For deformed nuclei, it can be rotated in various angular momentum in Laboratory frame. Assume rigid body rotation, the energy is

$\displaystyle E_J = \frac{1}{2}I\omega^2 = \frac{1}{2I}J^2$

In QM, that becomes

$\displaystyle H = \sum_{i=1}^{3} \frac{\hbar^2}{2I_i} J_i^2$

For axial symmetry, $I_1 = I_2 = I$

$\displaystyle H = \frac{\hbar^2}{2I} (J^2 - J_3^2) + \frac{\hbar^2}{2I_3}J_3^2$

Remember, in deformed nuclei, the projection of $J$ along the symmetry axis in the body-frame is $K$ . The expected value of the Hamiltonian with state $|Nn_z m_l K \rangle$ in the body-frame is proportional to $J(J+1)$ for $J^2$ and $K$ for $J_3$. i.e.

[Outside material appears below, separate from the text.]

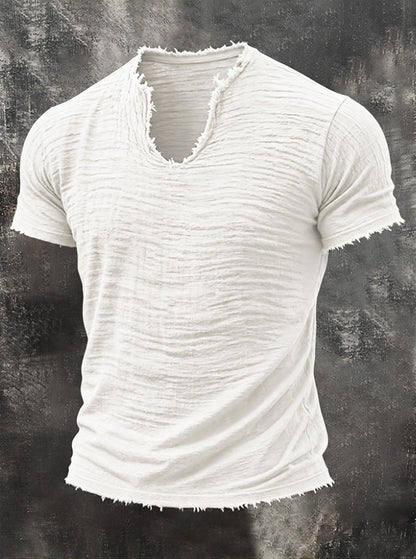Men's Textured V-Neck Cotton Tee – Relaxed Fit Vintage Summer T-Shirt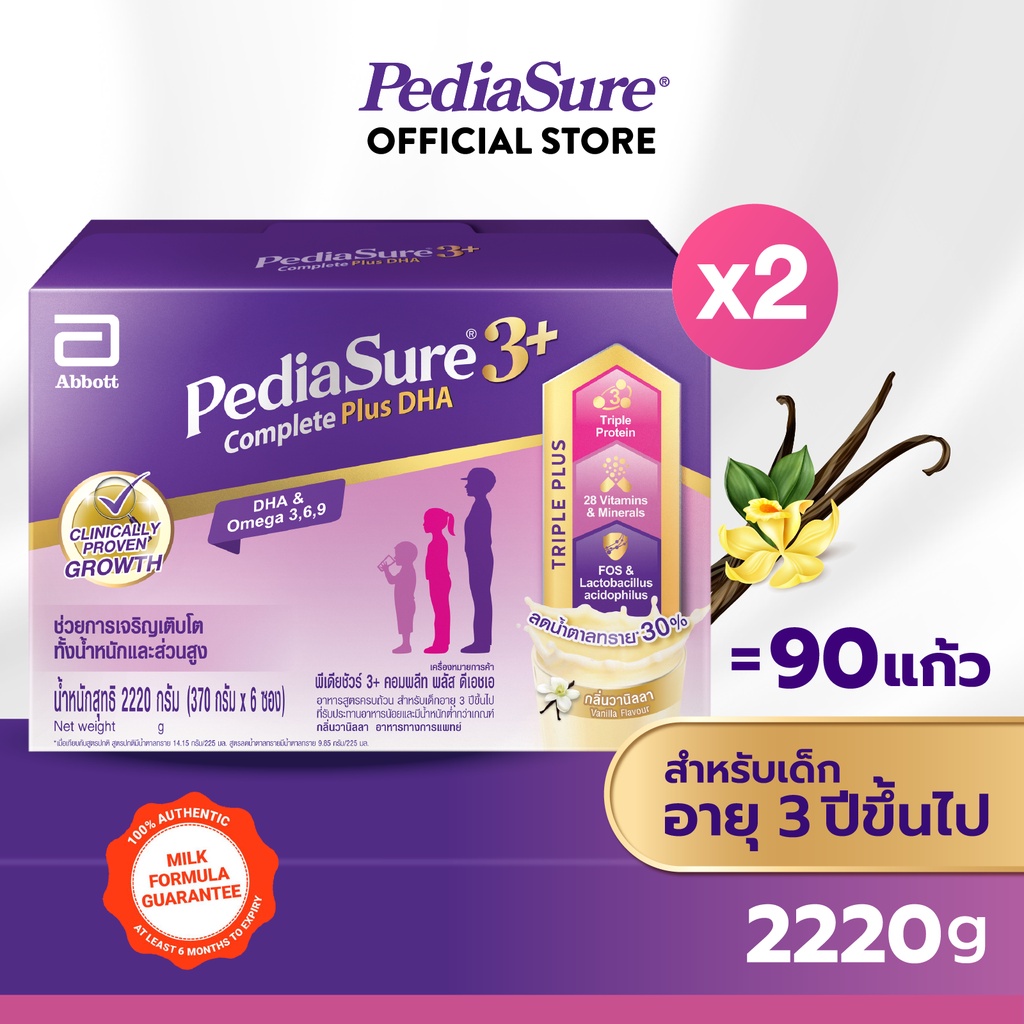 ภาพหน้าปกสินค้าPediasure นมผงพีเดียชัวร์ 3+ วานิลลา 2220 กรัม 2 กล่อง Pediasure 3+ Complete Vanilla 2220g x 2 จากร้าน pediasure_thailand บน Shopee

$\displaystyle E_J = \frac{\hbar^2}{2I} J(J+1) + E_K$

From body-frame to Lab-frame, we should apply the Wigner D-Matrix to the intrinsic wave function. ( I am not sure the following equation is correct, but the idea is rotating the body-frame wavefunction with Wigner D-Matrix to get the Lab-frame wave function. In Lab frame the total angular momentum must be a good Quantum number as rotational symmetry restored, so as $J_z = M$. The problem of the following equation is that the J is not a good Q-number in Nilsson wavefunction )

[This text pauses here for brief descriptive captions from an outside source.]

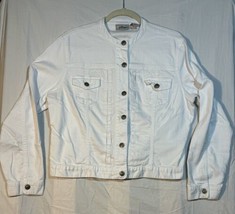 Women&#39;s Chicos Platinum White Denim Jacket Size 2 Cotton/Spandex - £17.30 GBP
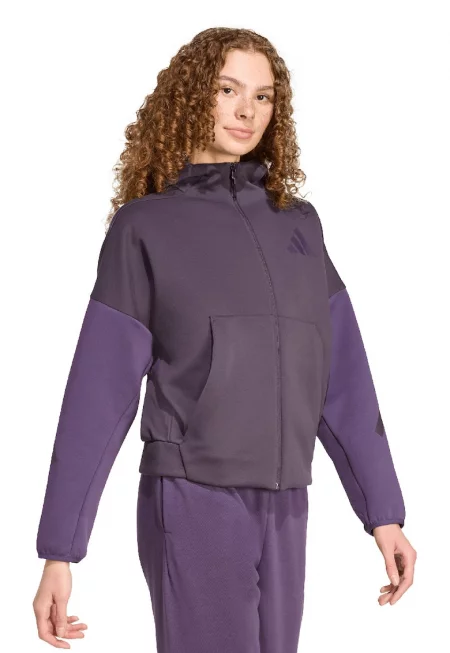 Худи Z.N.E с цип и паднали ръкави - Виолетов/Тъмновиолетов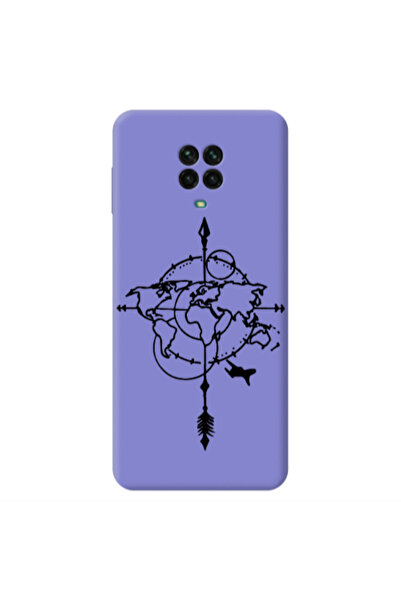 Other Xiaomi Redmi Note 9 Pro Old Map Purple Colored Silicone TPU Θήκη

$\displaystyle |JMK\rangle = \sum_{M} D_{MK}^{J} |Nn_zm_lK\rangle$

However, the Wigner D-Matrix does not conserve parity transform:

$\displaystyle D_{MK}^J \rightarrow (-1)^{J+K} D_{M-K}^{J}$

In order to restored the parity, we need to include $\pm K$ in the Lab-frame wave function.

$\displaystyle |JMK\rangle = \sum_{M} \left( D_{MK}^J \pm (-1)^{J+K} D_{M-K}^J \right) |Nn_zm_lK\rangle$

where + for positive parity, – for negative parity.

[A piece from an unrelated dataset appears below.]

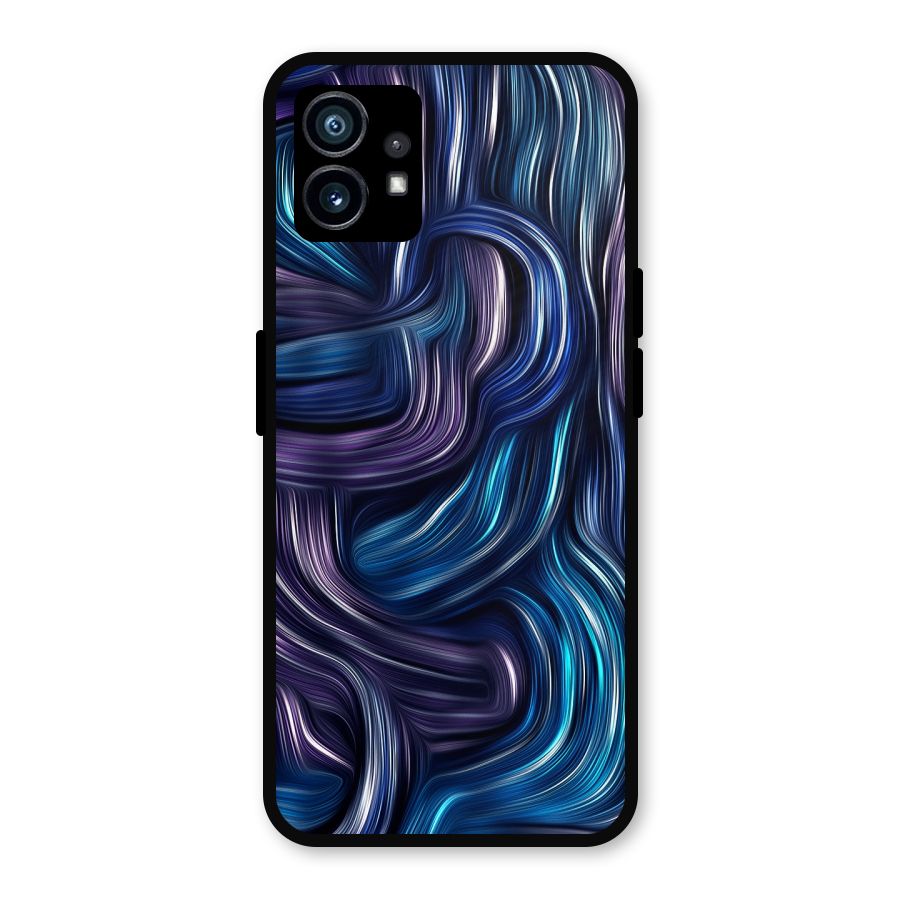 Blue and Purple Oil Paint Metal Back Case for Nothing Phone 1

From the above equation, for $K^\pi = 0^+$ ($0^-$), $J$ must be even (odd). For $K > 0$, $J = K, K+1, K+2, ...$.

We can see for $K = 1/2$, the $J = 5/2, 9/2, 11/2$ are lower to the main sequence. This was explained by adding an extra term in the rotation Hamiltonian that connect $\Delta K = 1$.

$\displaystyle \langle JMK | H'(\Delta K = 1) |JMK \rangle$

$\displaystyle \rightarrow \langle D_{MK}^J | H' | D_{MK}^J \rangle+ \langle D_{M-K}^J |H'| D_{MK}^J \rangle + \langle D_{MK}^J | H' | D_{M-K}^J \rangle+ \langle D_{M-K}^J |H'| D_{M-K}^J \rangle$

The term with $\Delta K = 0$ vanished. And since $\latex K = 1$, the only non-zero case is $K = 1/2$.

A possible form of the $H' (\Delta K = 1) = \frac{1}{2} \omega (J_+ + J_-)$. These are the ladder operator to rise or lower the m-component by 1. In 19F case, we can think it is a single proton on top of 18O core.  A rotation core affect the proton with an additional force, similar to Coriolis force on earth.

## Review on rotation

The rotation of a vector in a vector space can be done by either rotating the basis vector or the coordinate of the vector. Here, we always use fixed basis for rotation.

For a rigid body, its rotation can be accomplished using Euler rotation, or rotation around an axis.

Whenever a transform preserves the norm of the vector, it is a unitary transform. Rotation preserves the norm and it is a unitary transform, can it can be represented by a unitary matrix. As a unitary matrix, the eigen states are an convenient basis for the vector space.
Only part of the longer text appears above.